Data shown >>
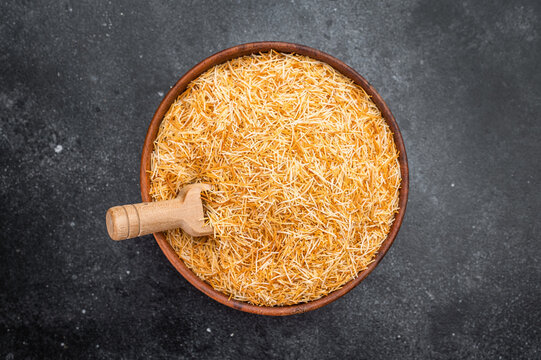 Raw kataifi pastry strands used for Middle Eastern and Mediterranean desserts. Thin shredded phyllo texture with copy space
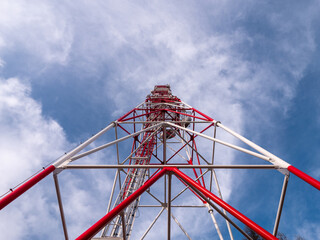 Low-angle view of a red and white telecom tower with antennas and satellite dishes, rising into a partly cloudy blue sky. Modern communication structure meets dynamic sky.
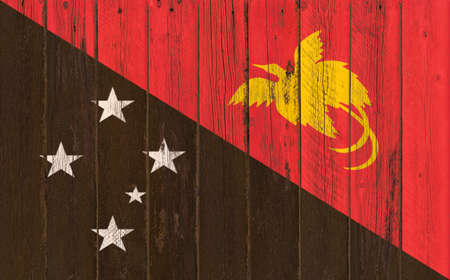 Flag of Papua New Guinea painted on wooden frameの写真素材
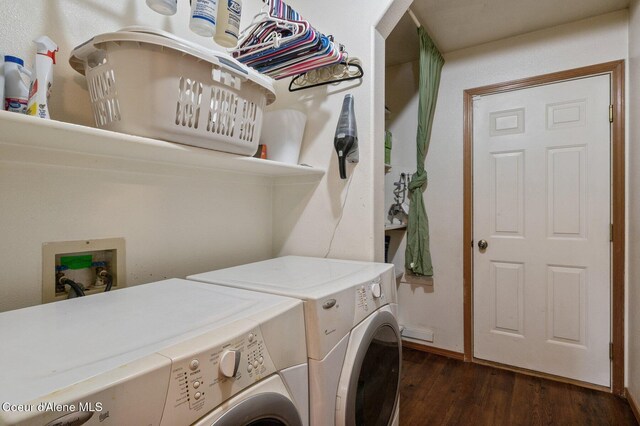 washroom featuring washer and dryer and dark wood finished floors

Task objective >>
Leaving every picture out, please copy exactly the lines from the one holding "Flag of Papua" through the last line of the listing, both ends included.

Exercise response >>
 Flag of Papua New Guinea painted on wooden frameの写真素材
 washroom featuring washer and dryer and dark wood finished floors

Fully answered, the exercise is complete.